# 50507

RUDD, Charles

William Barak and (?)Simon Wonga (holding boomerang). Coranderrk, c.1872.

  • Sold

[Melbourne : Charles Rudd, between 1891 and 1901]. Albumen copy print (from an earlier albumen print dating to around 1872), 160 x 120 mm; mounted on the photographer’s paper backing sheet, 230 x 190 mm, with series title ‘VICTORIAN SCENERY BY C. RUDD’ printed in the upper margin, the studio imprint in lower right margin ‘C. Rudd, Photo. Artist, 257 Bourke Street’, and ‘Photographed on Baker’s “Austral” Plates’ printed at lower left; both the print and mount are in fine condition.

‘We Aboriginals all wish and hope to have freedom … we should be free like the White Population’ (1886 Coranderrk Petition).
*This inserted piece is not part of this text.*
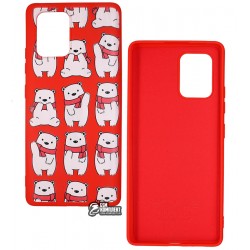 Чехол для Samsung G770 Galaxy S10 Lite, WAVE Fancy Case, софттач силикон, bears with a scarf/red Чехол для Samsung G770 Galaxy S10 Lite, WAVE Fancy Case, софттач силикон, bears with a scarf/red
An extremely rare and significant portrait photograph of William Barak (1824-1903), revered Wurundjeri lore man, artist, and statesman (standing on the right); we believe the man posed beside him, holding a boomerang and with his hand placed affectionately on Barak’s shoulder, is his cousin, Wurundjeri ngurungaeta (senior man) Simon Wonga (1824-1874). The photograph was taken by Charles Rudd at Coranderrk Aboriginal Station around 1872. Barak would become the next ngurungaeta on Wonga’s death in December, 1874. We have not been able to trace another example of this image in any institutional collection or published source.

Based on the appearance of both men, the photograph appears to have been taken in a makeshift studio at Coranderrk a few years after 1866, when both were photographed by Charles (Carl) Walter as part of his important series of portraits of Coranderrk residents.

While the Coranderrk photographs of Walter, Fred Kruger, and Nicholas Caire are well known, those of Melbourne-based photographer Charles Rudd (1849-1901) are not. One plausible explanation for this is that Rudd’s glass plate negatives recording his visit(s) to Coranderrk and Lake Tyers in Gippsland were destroyed relatively early on: examples of his photographs of these locations that have survived seem to be his own copy prints made in the 1890s from older albumen prints, as they all exhibit the tell-tale slight loss in definition always associated with this type of image reproduction. If Rudd still had access to his original negatives from which to print, he surely would have used them.

Newspaper notices inform us that Rudd moved into his premises at 257 Bourke Street in July 1891, and that he remained there up until his death on Wednesday, 16 October 1901 – when he died whilst at work in his own studio. These dates fix a very definite time frame for when this important portrait of Wonga and Barak must have been printed; the date range is also corroborated by the fact that Baker’s Austral Dry Plate Company was active in Melbourne throughout this entire decade.

Provenance: from a Charles Rudd commercial sample album that contained hundreds of window-mounted 1890s prints in identical format (including a number of other Coranderrk and Gippsland images taken by Rudd in the 1870s-80s).